After Jean-Baptiste Valle died, Anthony LaGrave purchased the property and made several significant alterations in the mid-nineteenth century. The hip roof was altered to make way for a second floor and replaced with Anglo gables. Parts of the galleries were enclosed for a kitchen, pantry, and sun room.
The interior decorations including the trim and mantels were changed to a Greek revival style, a more popular look for the time period. LaGrave owned the house until 1867 when he sold it to Leon Vion. Eventually, the house made it's way down to their granddaughter, Vion Papin Schram. This family held the property for a little over 140 years. In January 2020, the house was donated to the National Park Service by the Colonial Dames of America in the State of Missouri. Today, it serves at the park's first headquarters.
Jean-Baptiste Valle served as the first American commandant of Ste. Genevieve following the death of his brother, Francois II, in March 1804. In a letter to Captain Amos Stoddard, dated March 19, 1804, Jean-Baptiste wrote one of his most famous lines, "We are now all Americans."
It is rumored to be the first formal rose garden west of the Mississippi. A letter written in 1811 references roses, lilacs, and plum trees being sent to Madame Valle from Mme. Chouteau.
A Rare Cultural Treasure
Built in 1792, by Jean Baptiste St. Gemme Beauvais Jr., the house is situated along what is now known as St. Mary's Road. It sits directly across from Le Grand Champ, the common agricultural field.
Porches were added and 12 feet of the west end of the house was removed, possibly due to fire damage. The ceiling beams are original, as well as the fire place and mantel in the parlor. The floor "floats" upon stone pillars, leaving it unattached to the walls. The original "Norman" style trusses are still in place.

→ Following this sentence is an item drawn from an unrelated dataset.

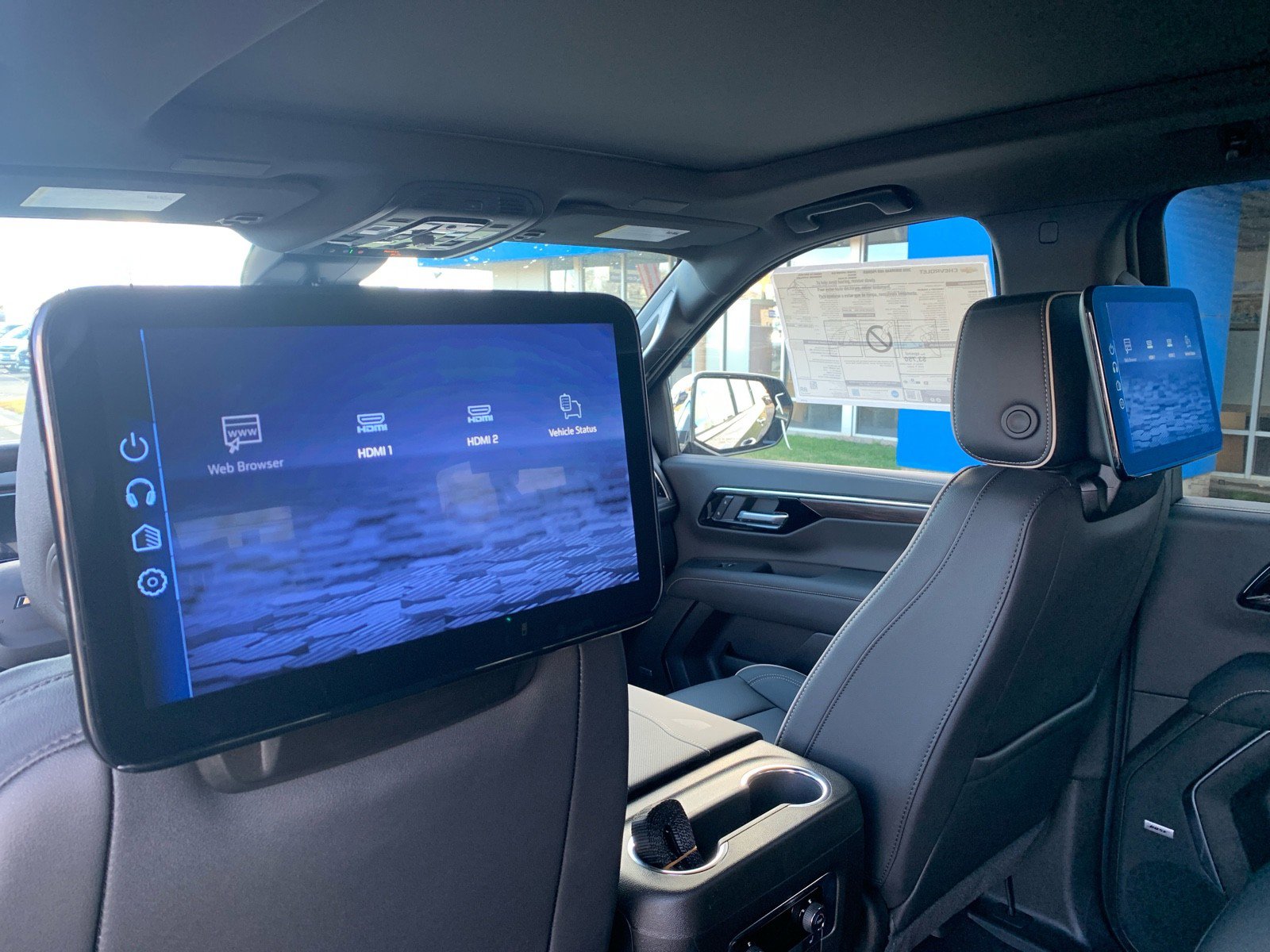 New 2026 Chevrolet Suburban Premier image 12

The house exhibits a French colonial, poteaux-en-terre (post in ground) style construction. Instead of a foundation, the hand-hewn, red cedar logs are placed directly in the ground. Only five poteaux-en-terre structures are known to still exist in the United States.
In 1852 the house was purchased by Benjamin C. Amoureux, son of a French immigrant.
Benjamin's wife, Pelagie, was of mixed ethnicity and was born to an enslaved mother. Benjamin and Pelagie's first child, Felix, was born in 1831, while Pelagie was still enslaved. Pelagie, along with Felix, gained their freedom in 1832. Benjamin and Pelagie had five more children. Benjamin died in 1878 and Pelagie in 1890.
The Amoureux children and descendants continued to live in the house until 1923 when it was sold to William Gisi.
From 1963 to 1992 it was owned by local preservationists Norbert and Francis Donze, who ran it as a historical house museum.
After the Flood of 1993 threatened the house, it was purchased by the French Heritage Relief Committee. In 1994, they donated it to the State of Missouri to become part of the local state historic site.
Les Amis (the friends) was created to help finance operating costs.
In 2019, the State of Missouri donated the house to the National Park Service, making it the first official property of Ste. Genevieve National Historical Park.
Plan Your Visit
Ste. Genevieve National Historical Park is located at 99 S. Main St., 1.1 miles off of Ste. Genevieve Dr. (MO Hwy 61).
Hours are 9 am to 5 pm daily; closed Thanksgiving, December 25, and January 1. Admission is free.
The Welcome Center, located across the street from the Jean-Baptiste Valle house, has an information desk, theater, exhibits, sales area, restrooms, and a park office.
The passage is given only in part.